Отцы и сыновья, к слову, та постановка, после которой хочется придти домой и перечитать роман. Не просто сказать мельком «Я бы перечитала», а действительно взять в руки книгу и долго, вдумчиво, в ореоле янтарного света из-под абажура, просмаковать каждую фразу в тургеневском тексте, отыскивая для себя новые смыслы и новую нежность к героям. Это огромная заслуга поставивших и сыгравших - разбудить чувство к классическому, уже такому знакомому, низведенному до банальности произведению, исполинскими общими лёгкими вдохнуть в него жизнь.
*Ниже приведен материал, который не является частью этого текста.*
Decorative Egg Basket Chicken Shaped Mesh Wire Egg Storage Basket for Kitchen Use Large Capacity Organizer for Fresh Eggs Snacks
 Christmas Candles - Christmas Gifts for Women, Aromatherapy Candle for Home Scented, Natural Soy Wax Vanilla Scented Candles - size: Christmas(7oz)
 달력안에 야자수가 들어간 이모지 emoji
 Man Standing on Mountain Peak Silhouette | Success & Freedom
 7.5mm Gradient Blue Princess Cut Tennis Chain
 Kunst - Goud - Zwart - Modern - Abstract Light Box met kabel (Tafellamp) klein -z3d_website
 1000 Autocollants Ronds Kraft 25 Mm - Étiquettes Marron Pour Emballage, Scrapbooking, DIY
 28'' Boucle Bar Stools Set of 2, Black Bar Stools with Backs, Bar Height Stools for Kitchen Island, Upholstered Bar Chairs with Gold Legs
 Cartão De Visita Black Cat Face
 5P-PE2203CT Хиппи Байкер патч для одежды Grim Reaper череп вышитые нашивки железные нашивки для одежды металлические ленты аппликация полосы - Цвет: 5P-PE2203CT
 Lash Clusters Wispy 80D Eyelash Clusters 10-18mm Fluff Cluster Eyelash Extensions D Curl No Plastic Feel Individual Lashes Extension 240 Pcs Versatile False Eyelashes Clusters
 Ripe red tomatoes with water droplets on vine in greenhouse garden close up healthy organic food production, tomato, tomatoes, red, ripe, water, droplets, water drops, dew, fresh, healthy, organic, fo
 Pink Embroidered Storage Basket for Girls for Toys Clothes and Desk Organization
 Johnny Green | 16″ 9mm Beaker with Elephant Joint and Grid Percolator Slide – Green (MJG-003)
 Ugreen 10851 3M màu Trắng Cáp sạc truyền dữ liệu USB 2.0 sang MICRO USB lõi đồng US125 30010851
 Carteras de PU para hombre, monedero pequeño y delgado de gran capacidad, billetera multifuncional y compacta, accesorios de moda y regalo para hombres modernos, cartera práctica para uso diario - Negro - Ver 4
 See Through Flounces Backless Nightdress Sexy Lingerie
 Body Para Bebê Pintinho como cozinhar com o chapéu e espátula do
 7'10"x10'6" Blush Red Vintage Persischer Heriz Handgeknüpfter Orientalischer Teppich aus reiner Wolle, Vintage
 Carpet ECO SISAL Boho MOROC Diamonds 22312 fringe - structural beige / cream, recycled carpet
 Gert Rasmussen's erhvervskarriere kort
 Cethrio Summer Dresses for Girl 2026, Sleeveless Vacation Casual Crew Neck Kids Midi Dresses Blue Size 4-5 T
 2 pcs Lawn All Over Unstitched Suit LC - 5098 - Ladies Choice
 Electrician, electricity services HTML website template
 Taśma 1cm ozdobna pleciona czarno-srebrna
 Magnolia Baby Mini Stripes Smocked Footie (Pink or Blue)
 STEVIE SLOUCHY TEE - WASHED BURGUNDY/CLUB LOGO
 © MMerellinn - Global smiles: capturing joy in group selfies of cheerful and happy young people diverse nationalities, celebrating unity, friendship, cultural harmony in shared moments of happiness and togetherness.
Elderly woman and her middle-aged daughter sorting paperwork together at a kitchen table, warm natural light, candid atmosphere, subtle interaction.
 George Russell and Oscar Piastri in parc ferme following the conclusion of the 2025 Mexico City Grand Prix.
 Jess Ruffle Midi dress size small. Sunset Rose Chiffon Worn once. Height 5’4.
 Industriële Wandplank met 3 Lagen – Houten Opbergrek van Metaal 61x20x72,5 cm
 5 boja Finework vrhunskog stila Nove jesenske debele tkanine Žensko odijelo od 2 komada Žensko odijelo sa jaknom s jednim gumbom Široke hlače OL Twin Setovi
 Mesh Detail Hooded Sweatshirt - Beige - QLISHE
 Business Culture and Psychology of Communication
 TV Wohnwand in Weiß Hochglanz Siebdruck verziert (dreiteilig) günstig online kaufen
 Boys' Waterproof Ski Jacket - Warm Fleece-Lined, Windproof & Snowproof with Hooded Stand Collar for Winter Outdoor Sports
Из недостатков? Вопрос, почему так часто были слёзы на глазах Фенечки (верю, что Наталья Палагушкина изумительно пластична эмоционально, и это могло столь массированно использоваться). А возможно, кстати, дело в слишком обильном, солнечно-желтом до белого освещении, из-за которого, кажется, красной сосудистой сеткой покрывались белки глаз актёров. Анна Сергеевна Натальи Коренной - иногда как-то слишком поэтично-томная (но так притягательно дышащая духами и туманами - и вместе с тем столь разумная). Высказанный выше вопрос про финал спектакля - столь длинный случайно или намерено? Всё же думается мне, что не случайно, и ручей продолжает течь и без революционера, и жизнь идёт, а Аркаша потоскует, потоскует - да успокоится. Но не забудет. Он тоже, хоть и созданный для передачи из одних надежных рук в другие надежные руки, - сильный, только иною, не разрушительно-стальной, не базаровской силой души, всеохватной любви и памяти.
Это была - и есть, и надеюсь, долго будет на сцене - честная (люблю это слово), искренне рассказанная, полная внутренней энергетической красоты история. Тургеневская эпоха, особый, обреченно-ласковый тургеневский дух, - есть всё. Всё, что может быть нужно.
Театр имени Маяковского по-прежнему не разочаровывает, пока лишь - ввысь и ввысь.